__Exercise goal__. What you give back should be exactly the lines from the one with "1Pc Pearl Flower" through the end of the data, without the pictures.

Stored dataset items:
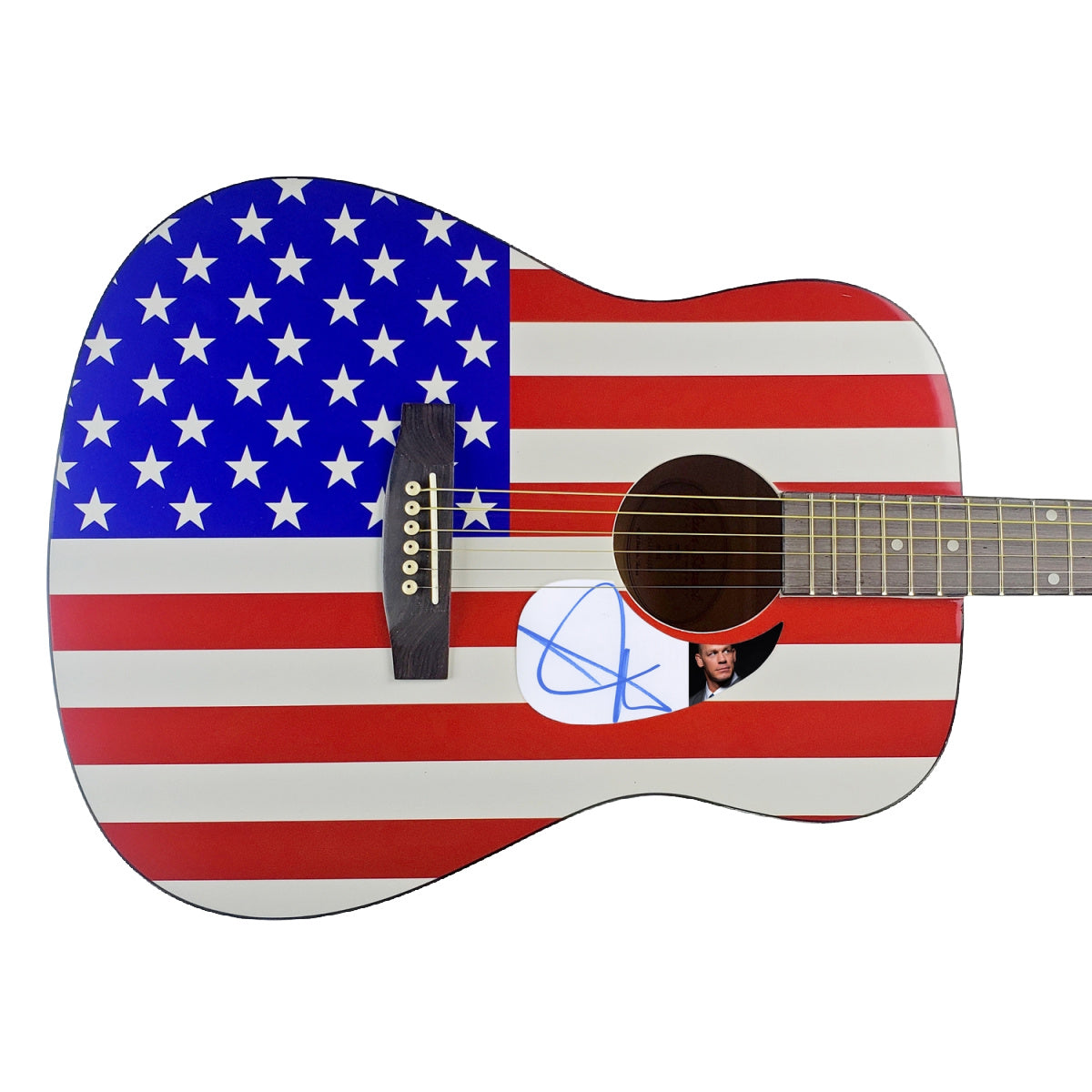 John Cena Autographed Signed USA Flag Acoustic Guitar Wrestling ACOA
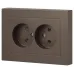 Розетка Intro Accent 6-204-08 2х2P, 16А-250В, IP20, СУ, AL/CU, бронза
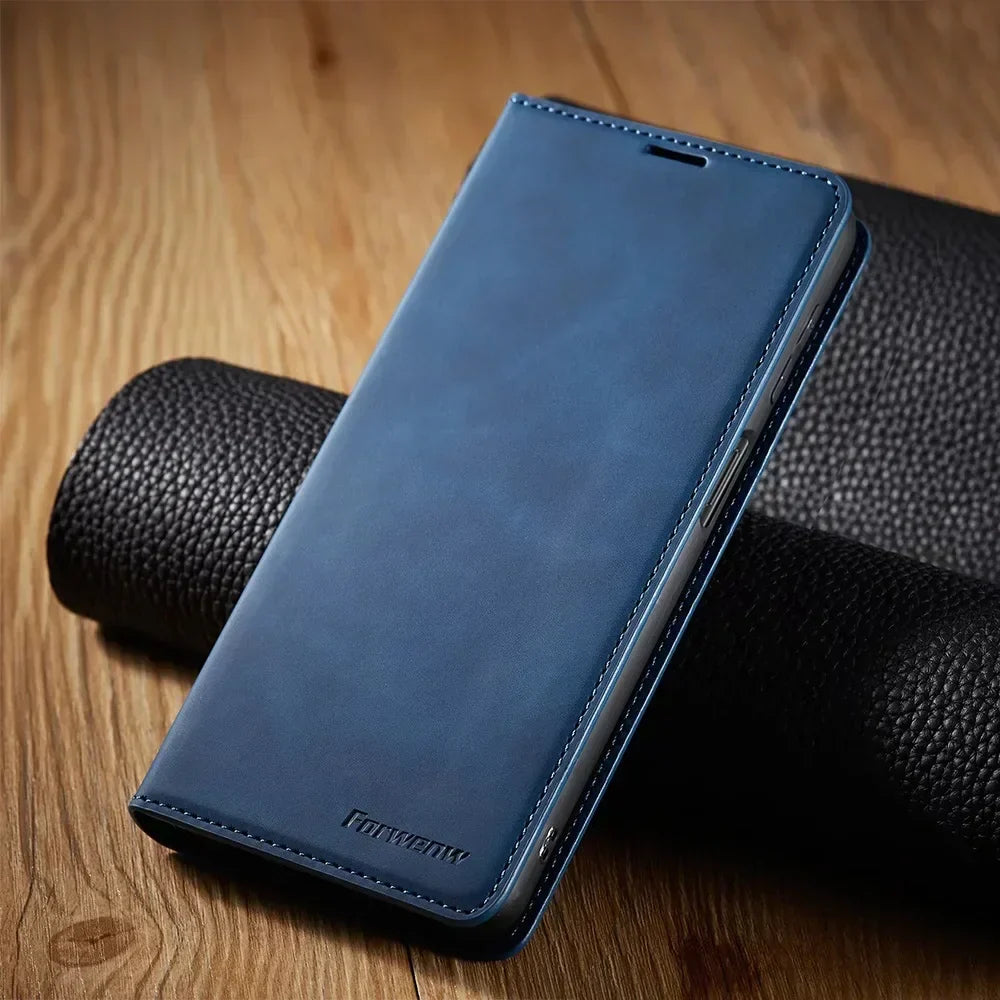 Nokmo Samsung Case: Magnetic Leather Bag for Stylish Protection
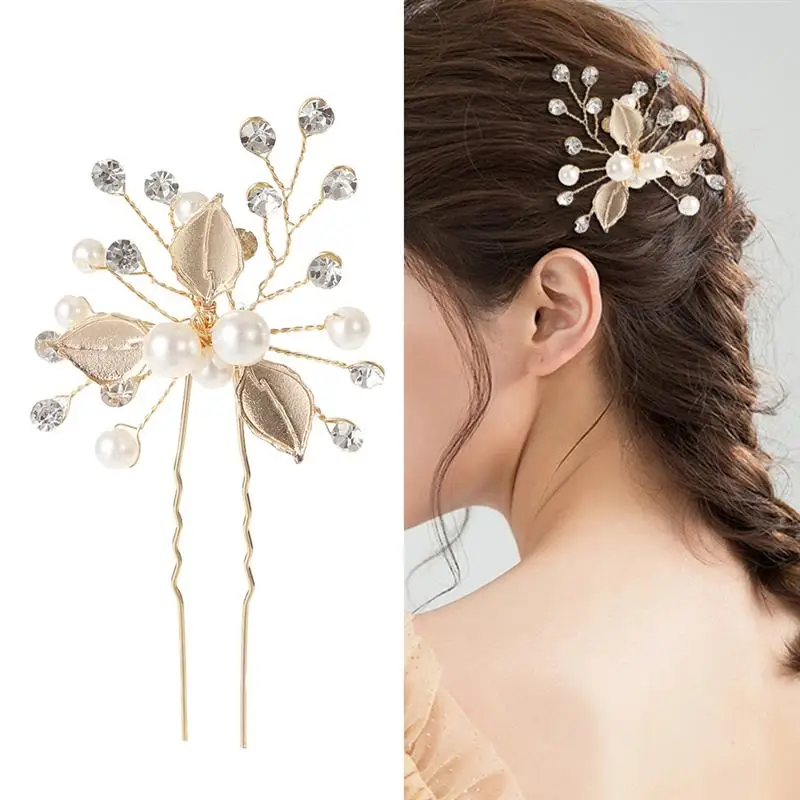 1Pc Pearl Flower Hairpin Side Comb Golden Leaf Shaped Alloy Tiaras Wedding Bride Insert Hair Clips Hair Jewelry Bride Headwear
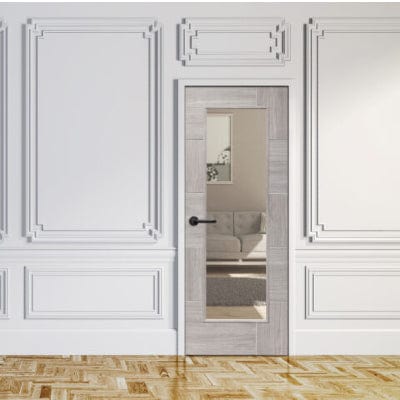 White Grey Ravenna Internal Laminate Clear Glass Door -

__Answer below__.
 1Pc Pearl Flower Hairpin Side Comb Golden Leaf Shaped Alloy Tiaras Wedding Bride Insert Hair Clips Hair Jewelry Bride Headwear
 White Grey Ravenna Internal Laminate Clear Glass Door -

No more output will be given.